Menurut Umar bin Khattab, ada tiga tahapan yang akan dilalui oleh penuntut ilmu. Tahap pertama adalah pada awal belajar, yaitu tahap sombong. Ketika baru mengenal 'kulit' dari suatu ilmu, seseorang menganggap bahwa dia sudah 'tercerahkan' akan ilmu. Dia menganggap orang lain tidak seperti dia. Makanya orang-orang yang 'newbie', justru malah sok-sokan.
Tahap kedua adalah tahap merunduk. Semakin lama orang belajar, dia menyadari bahwa banyak orang yang lebih ahli. Banyak ilmu yang masih harus dia dalami. Maka dia menjadi rendah hati, seperti falsafah padi 'semakin berisi, semakin merunduk'. Dia semakin membuka diri terhadap sumber-sumber ilmu.
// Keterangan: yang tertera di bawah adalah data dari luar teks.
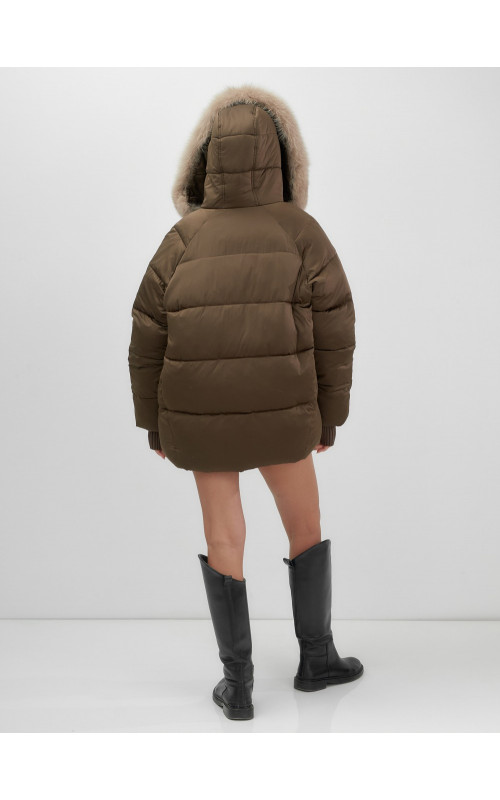 Пуховик с мехом песца, зима 2025, свободный крой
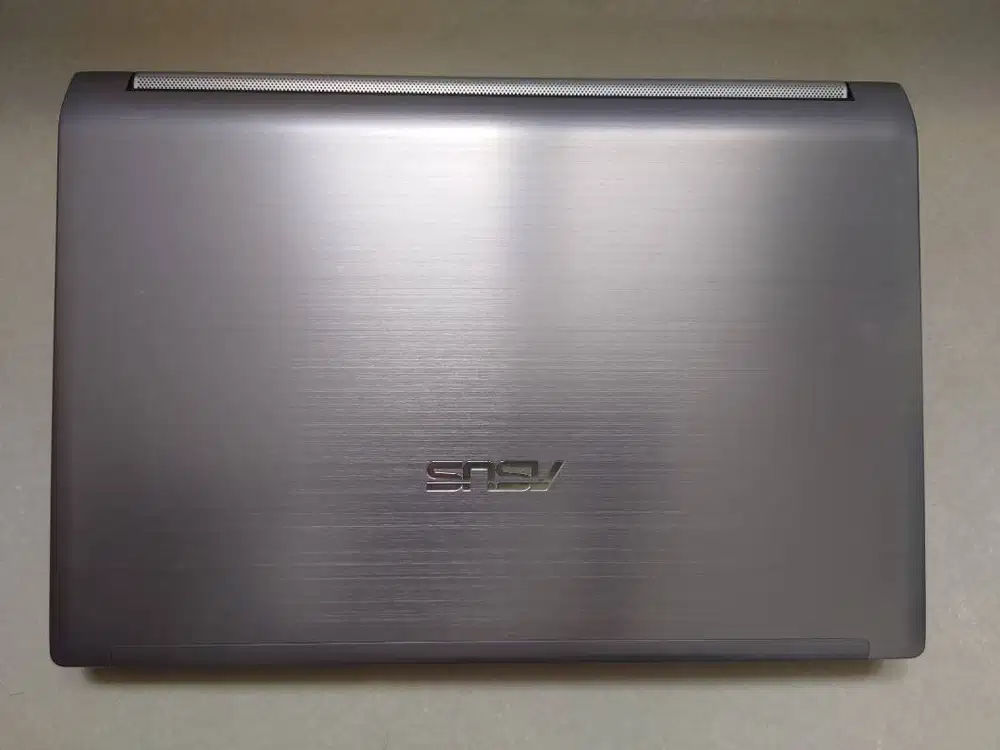 Laptop ASUS N43 SL , Core i7 , RAM 8 GB, SSD 256 GB , HDD 320 GB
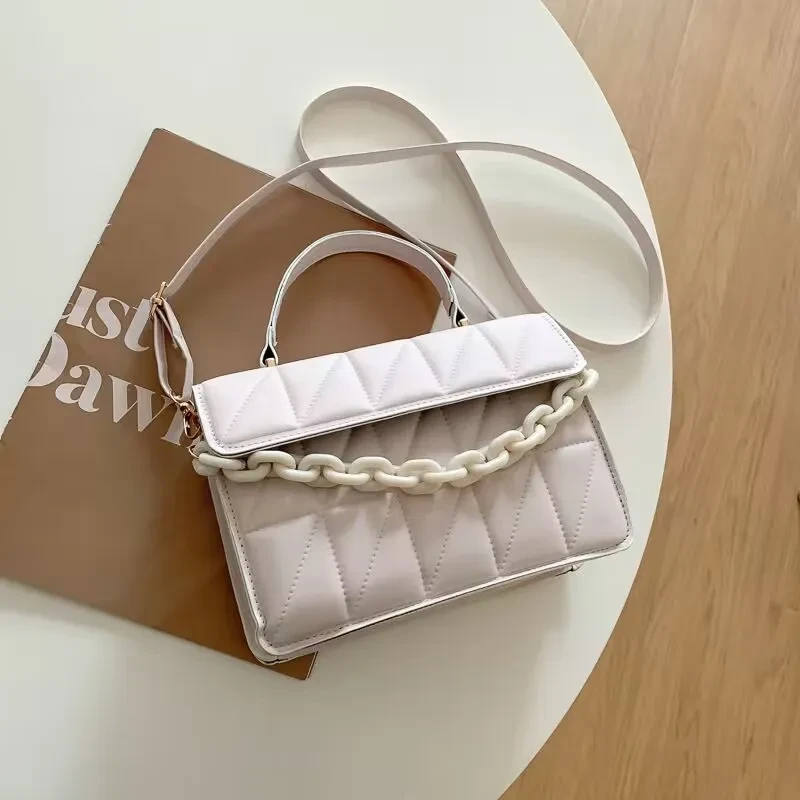 Trendy Simple Textured Shoulder Messenger Bag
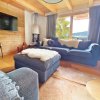 Отель A luxurious 12 person chalet with superb view., фото 3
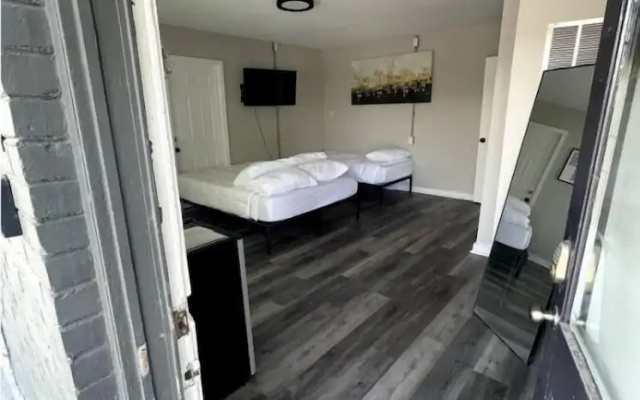 Cute & Friendly 1-BR 10 Mins From Nash
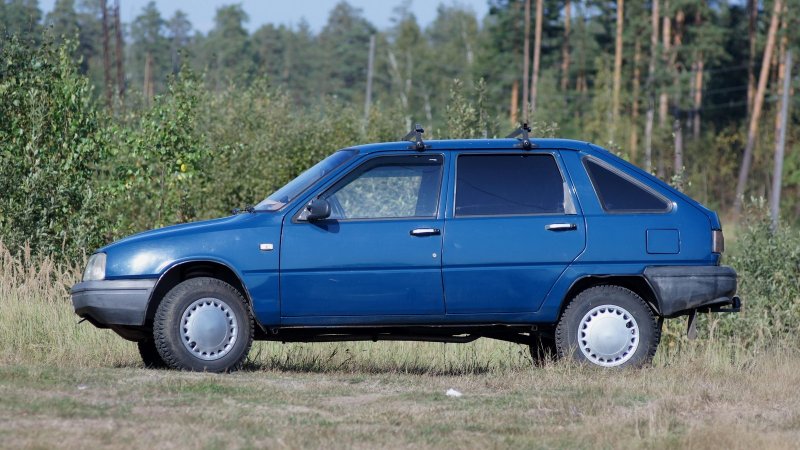 Пластиковые накладки ИЖ Ода 2126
Tahap ketiga adalah tahap merasa kecil. Ini kelanjutan dari tahap kedua, semakin dia menyadari bahwa ilmu itu banyak dan masih terus berkembang. Dia tak lagi menganggap dirinya lebih tahu dari yang lain. Dia merasa dirinya hanya sebutir pasir di pantai, jika dibandingkan bidang ilmu yang dipelajarinya. Sehingga dia akan selalu mawas diri dan meningkatkan kemampuannya. Tidak mau sembarang berbicara lagi, sekalipun dia adalah yang paling ahli. Dia memilih terus belajar dan berkarya.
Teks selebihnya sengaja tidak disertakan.